Just like the ubiquitous palm-leaf trays of offerings, each penjor is a work of art. And a much faster thing to put together since the arrival on Bali of the stapler! Before staples, each elaborate twist and turn of decoration was secured with little bamboo tooth picks. We were told that there is good-natured competition to prepare the most beautiful penjor although it turns out you can go too far. One penjor on the road to our villa was lit up with electric Christmas lights. According to Gusti that one “didn’t count”.

Penjors and offerings Sebali bud

This is Gusti’s gorgeous wife Narie, his two beautiful boys and his dad holding an offering they were taking to their family rice field.

Narie, Gusti's dad and the boys on motorbike_edited-1

That evening we sat on the edge of the street in our village (yes, I adopted it wholesale) and waited for the Barong (a lion-like creature from Balinese mythology) to come past.

There were no cars on the road and only the odd scooter every 15 minutes or so. So in between those  rare modern intrusions it was easy to pretend we had been transported back in time to a Bali of 100 years ago. All along the little street, in front of their houses, women and kids were dressed in their beautiful holiday finest awaiting the arrival of the Barong with the men of the village. As they waited they prepared offerings, lit incense, chatted.

Sate lilit offering

Occasionally the women sitting across the road from us would nod to us and smile gently.

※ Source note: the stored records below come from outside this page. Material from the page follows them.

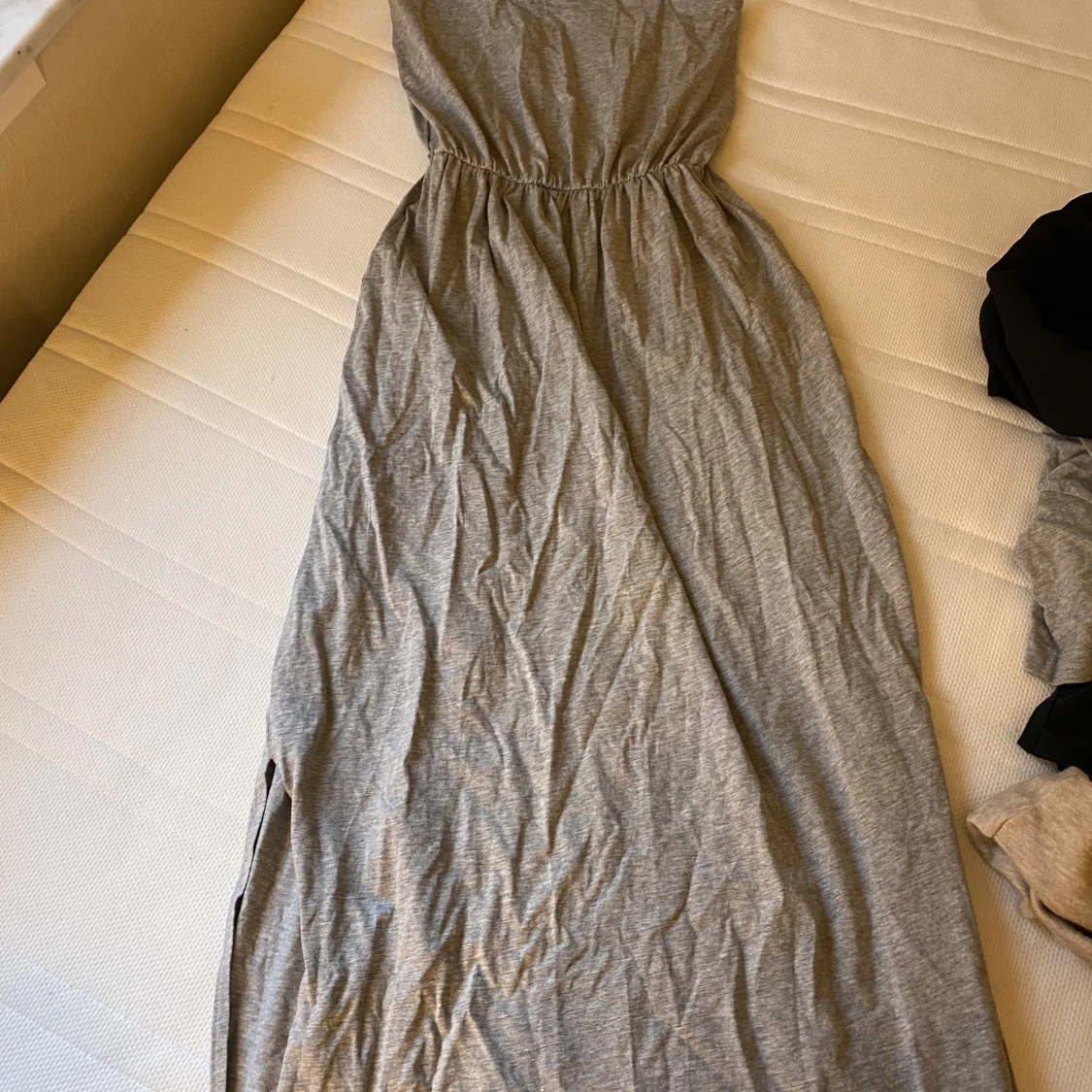 Grå långklänning från Basics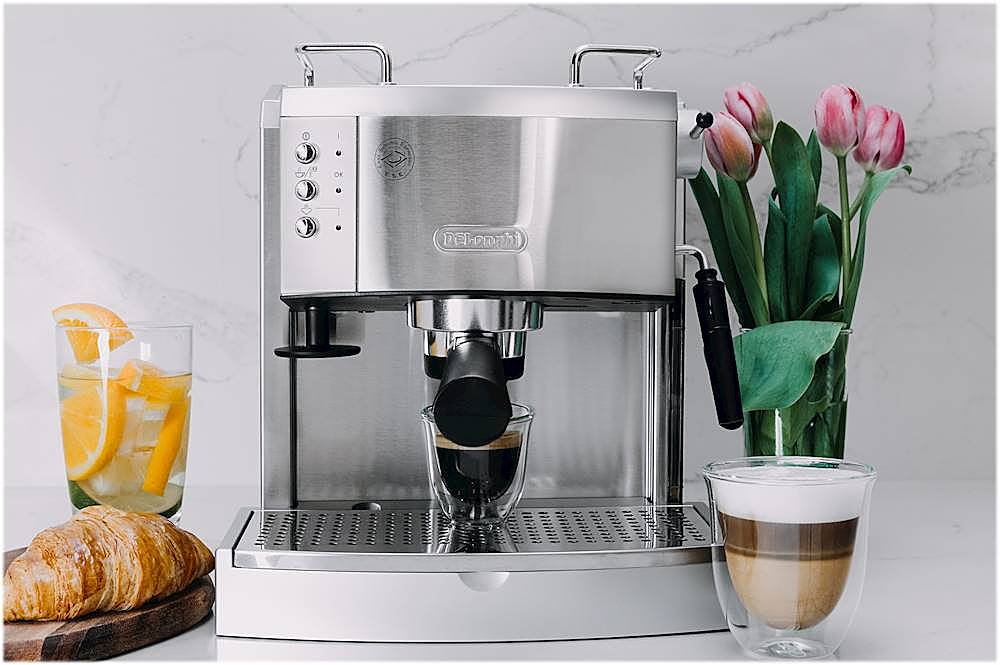 De'Longhi - Espresso Machine with 15 bars of pressure, Milk Frother and removable water tank - Stainless Steel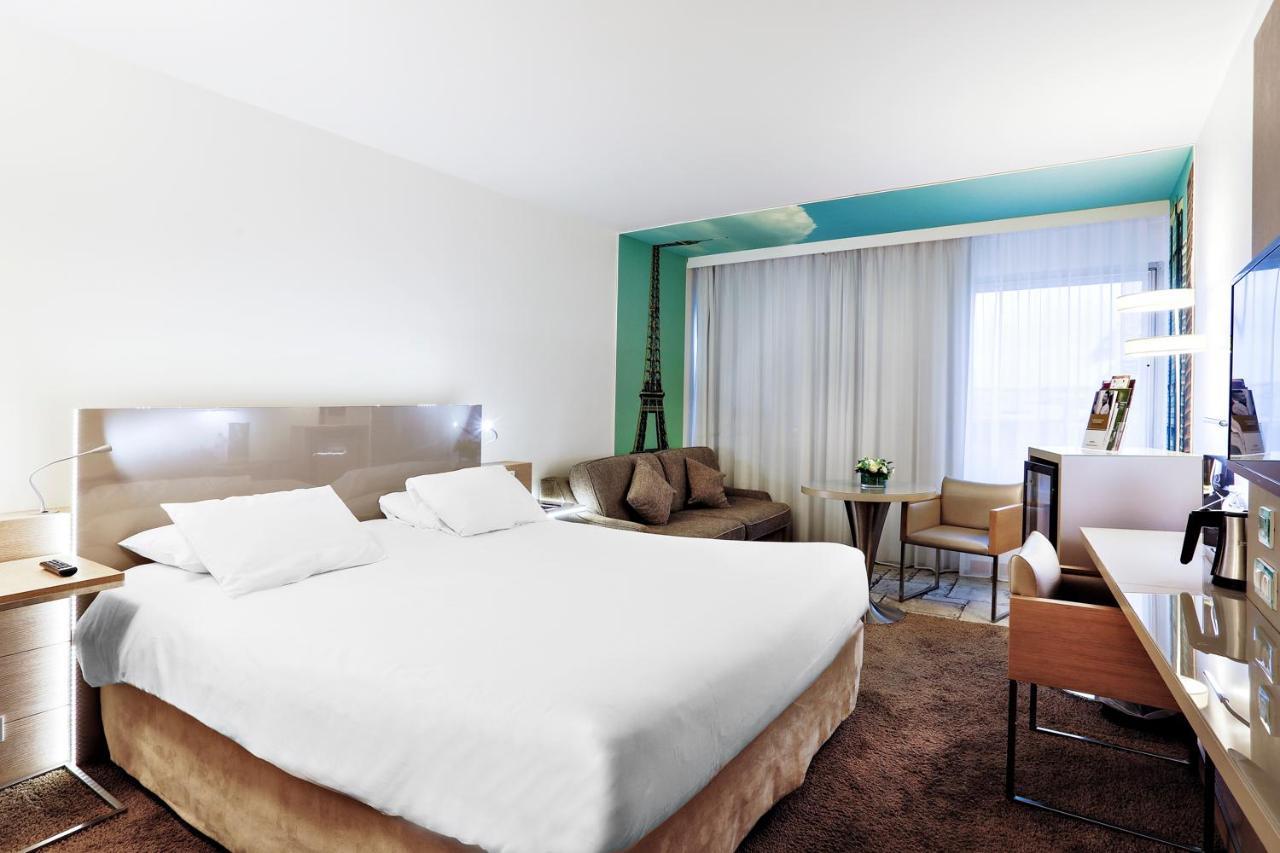 Two rooms close to each other (6 Adults)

Entering the Sebali temple

Then from the dim dark came the distant sound of drums and bells and laughter and slowly the village Barong snaked its way along the street in front of us.  it was gone almost in the blink of an eye but that half hour will stay with me forever.

I couldn’t get a decent shot in the darkness but I do want to show you how fearsome the Barong are. I found this beautiful photo on Flickr. Attribution below it.

Barong by Hoks on Flickr

(Above photo only: Balinese Barong Dancer by Hoks. CC BY-NC-ND 2.0)

I took the next photo blind, i.e. literally just snapped it into the dark to see if I could capture any of the magic of the moment not only without the harsh effect from the burst of a flash but also so as not to intrude into the simple acts of devotion these women were making.

The resulting shot kind of made me draw breath. I know darkness and a long exposure makes for blur and distortion but  this has an especially other-wordly feel. Maybe blur accounts of much of it but there certainly seem to be more figures here than there were women. And so I keep coming back to the fact that Galungan is also when ancestral spirits return to earth.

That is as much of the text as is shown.